*** Opening TASK MATERIAL ***

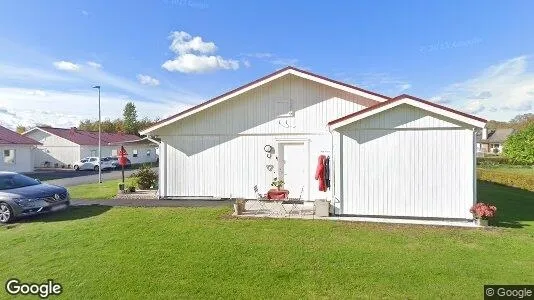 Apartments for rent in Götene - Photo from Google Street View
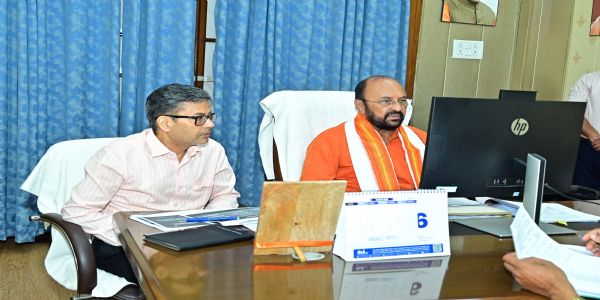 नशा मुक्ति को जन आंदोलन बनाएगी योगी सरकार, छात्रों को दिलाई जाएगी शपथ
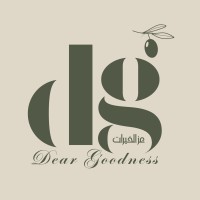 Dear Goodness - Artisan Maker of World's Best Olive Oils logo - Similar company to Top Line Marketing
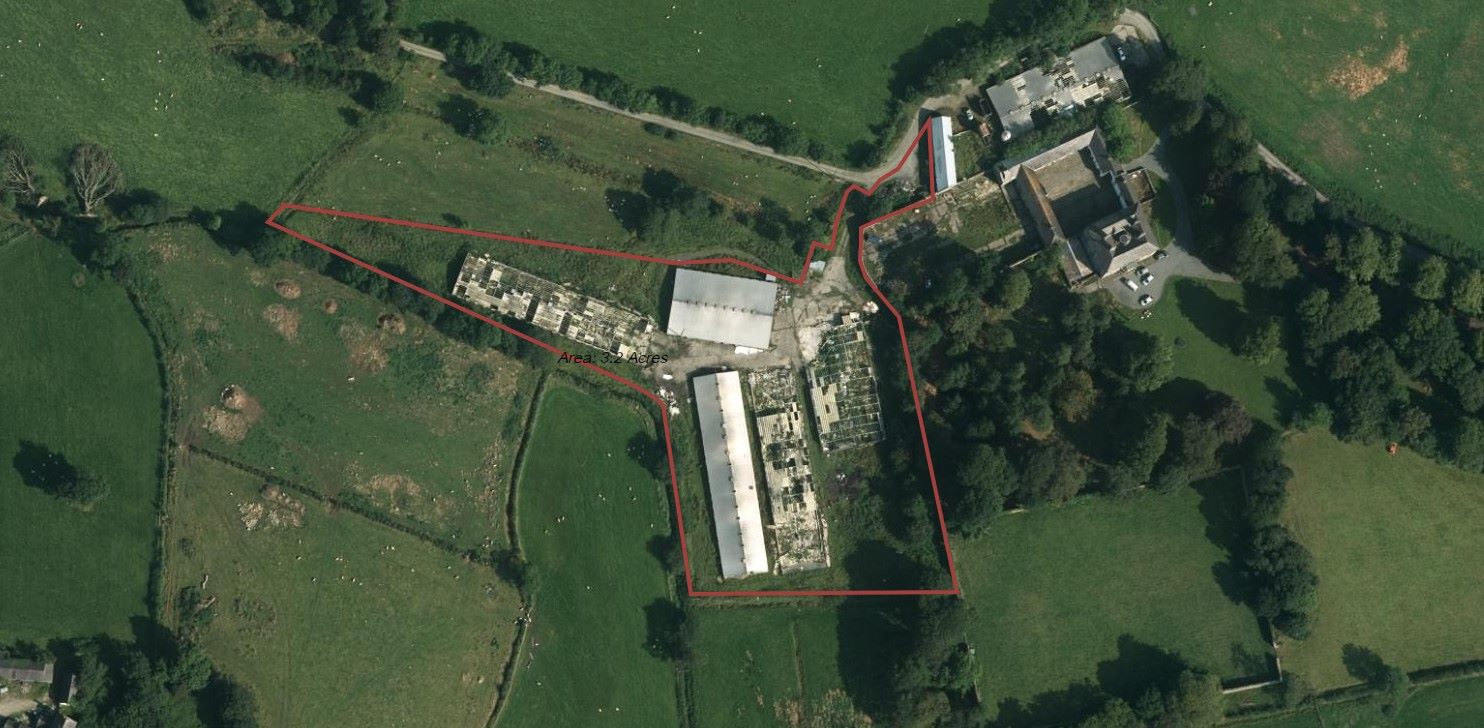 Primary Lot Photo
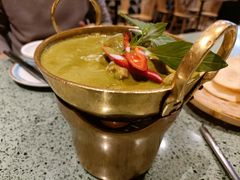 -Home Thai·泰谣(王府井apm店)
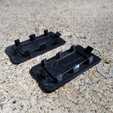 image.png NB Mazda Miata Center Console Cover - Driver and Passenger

*** Closing TASK MATERIAL ***

> **AIM OF THE EXERCISE**
Reproduce exactly the lines from the one containing "Dear Goodness - Artisan" through the last line of the records, both included, leaving out every picture.

> **SOLUTION TO THE PROBLEM**
 Dear Goodness - Artisan Maker of World's Best Olive Oils logo - Similar company to Top Line Marketing
 Primary Lot Photo
 -Home Thai·泰谣(王府井apm店)
 image.png NB Mazda Miata Center Console Cover - Driver and Passenger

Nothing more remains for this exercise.